Experts working with AI described potentially transformative developments, including the ability to produce faster, lower-cost scans, radically cut back on contrast agents, predict images, and build rich data sets to help focus clinical care and inform further research.
"AI and deep learning allows us to do things faster and better than before and fundamentally new," said Dr. Greg Zaharchuk, PhD, professor of radiology (neuroimaging and neurointervention) at Stanford University, in Stanford, California, at Saturday's session. "I think we will see more and more MRI over time because the data is so rich. I believe there is a lot of hidden information in the images that we as clinicians and scientists don’t see or extract, but which is available to AI models."
Along with scientists and engineers at Subtle Medical, he is examining how deep learning can reduce the use of gadolinium. The research involves development of a deep-learning algorithm that learned to approximate full-dose scans from zero-dose and low-dose images, using models called convolutional neural networks.
The images were evaluated for quality, and the findings suggest gadolinium could be reduced 10-fold without sacrificing diagnostic quality.
Zaharchuk, who is president of the American Society of Functional Neuroradiology and deputy editor of the Journal of Magnetic Resonance Imaging, proclaimed the benefits of machine learning and what he called "upstream AI."
"It's not necessarily about predicting what's on an image -- but basically taking images and predicting other images, predicting every pixel in an image," he explained.
"Deep learning is quite good at figuring out value from images. It has a good chance to reduce the cost of imaging potentially -- it's the spot where we directly touch the patients, and if we can make their lives better, that's always a good thing," he noted.
All the manufacturers and research groups are working on all the different steps of the pipeline, there is a tremendous amount of activity, according to Dr. Tim Leiner, PhD, a cardiovascular radiologist at Mayo Clinic, Rochester. There were opportunities for AI and machine learning across the entire spectrum.

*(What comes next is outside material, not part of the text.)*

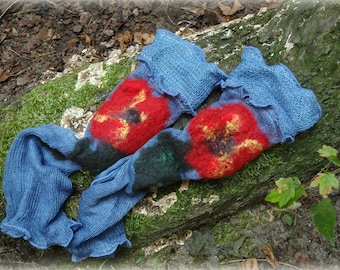 Romantic Blue LINEN Fingerless Gloves , Artsy gift for Women ,Mittens Arm Warmers, Valentines gifts for Her, Felted Mittens,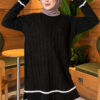 Beard-Detailed Mercerized Long Tunic Black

"It starts with scheduling of patients and setting an indication for imaging, i.e., who needs to go into an MRI scanner. It involves acquisition, imagery construction, and quality assessment, and it will involve segmentation and quantification of structures in the resulting images," he pointed out.
Leiner, immediate past president of the ISMRM, said there were also AI tools generating prepopulated reports "that help the radiologist to walk through a case more easily."
"We're just scratching the surface here -- we're seeing initial proof of concept things being brought to us, but it will accelerate and will dramatically change how we work in the future," he continued.
All the major vendors were working on speeding up protocols and using AI techniques to do that, and the entire imaging chain could be examined for inefficiencies using AI, Leiner added.
"When the patient is on the table, AI may help you come up with suggestions saying, 'I see something here, maybe you might want to add on this sequence,' " he said.
"Techniques are being developed that allow you to run a single sequence and create what you need from that later, after the patient is off the table -- which is more patient-friendly, faster, and more robust because after you reconstruct the data, you can plan all your different views in the correct way," he noted.